Towards innovative, sustainable urban planning that links nature and urban dwellers

Environment & biodiversity

  • Location:
    Marseille (France)
  • Sponsor:
    Hervé Pernot
  • Grants:
    €25,000 to the Selection Committee meeting of 10 April 2018
    €10,000 to the Selection Committee meeting of 21 October 2019
    €20,000 to the Selection Committee meeting of 1 April 2021
    €15,000 to the Selection Committee meeting of 29 March 2023

Project leader

Heko Farm / Le Talus

I am personally working alongside this association. Providing compost and showing people around the project once it has been rehabilitated is also a way of making our employees aware of future challenges and motivating them by recognizing the quality of their work.
Hervé Pernot
Sponsor

The Heko Farm Association, based in Marseille, was created in response to the climate emergency. It is working towards the emergence, in this metropolis, of a localized, sustainable and resilient food system. To achieve this, it is pursuing four objectives. First, the development of productive micro-farms in urban and peri-urban environments. Second, the creation of spaces dedicated to urban agriculture. Also, the transformation of collective green spaces. Finally, the development of educational tools for schoolchildren.

This ambition has resulted in several achievements: setting up an educational garden at a Marseille primary school, an urban farm project in a priority part of the city with the municipal council, gardening operation in this same area, etc.

A project in the wake of the construction of the L2 ring road

In Marseille, the A507 urban motorway - or L2 ring road - has led to the redevelopment of many areas within the conurbation and to freeing up unbuilt and, until now, neglected urban land. Heko Farm took an interest in it. The association contacted the company operating the A507 in order to transform this urban wasteland into a place of greenery and local life: Le Talus.

This programme was created in a former landfill site, in the heart of a working-class district. There were two findings there: a lack of green spaces and difficult access to quality local food products. To help overcome these two problems, the players from this project focused on two areas: edible revegetation and ecological agricultural activities inspired by permaculture.
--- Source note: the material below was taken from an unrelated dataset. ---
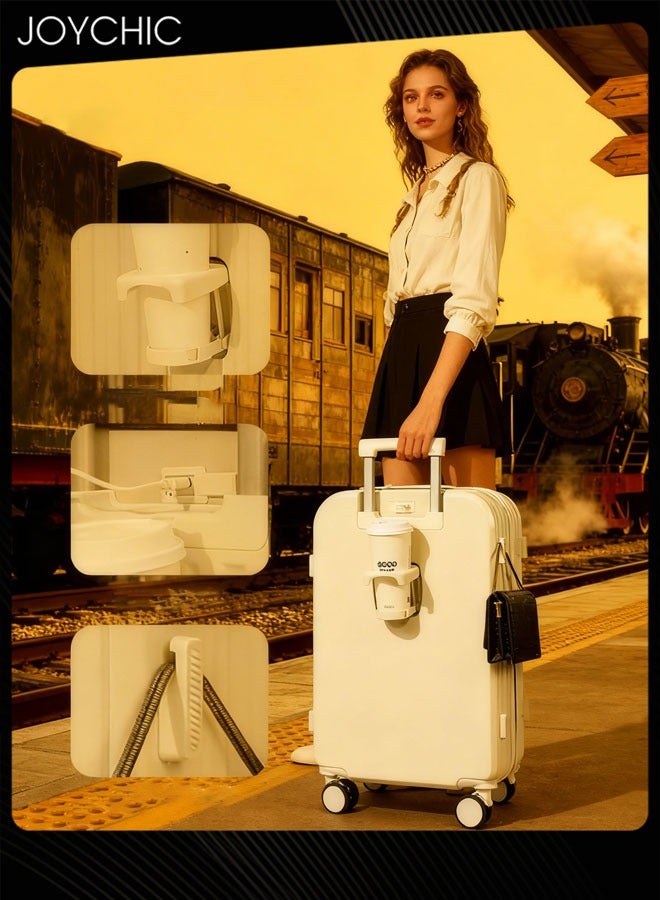 Joychic طقم حقائب سفر 3 قطع حقائب يد حقيبة سفر للأعمال سعة كبيرة حقائب مقاومة للماء مع حامل أكواب ومنفذ شحن USB - 14/20/24 بوصة - Image 2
The approach also made it possible to experiment with ecological transition at this open-air laboratory.

At a practical level, Le Talus brings together vegetable garden containers for hire, organic production and the sale of fruit and vegetables, a henhouse whose fresh eggs are on sale, a collective vermicompost bin, various training courses and events, a beehive, an educational pool, etc.

To maintain the vegetated areas (fruit hedges, shrubs and large trees), operate the urban nursery, exploit the market garden perimeter and that of the bioclimatic greenhouse, Heko Farm came together with the integration group through the La Varappe business, already a partner of the Veolia foundation. These tasks will ultimately lead to the creation of eight integration jobs in urban market gardening.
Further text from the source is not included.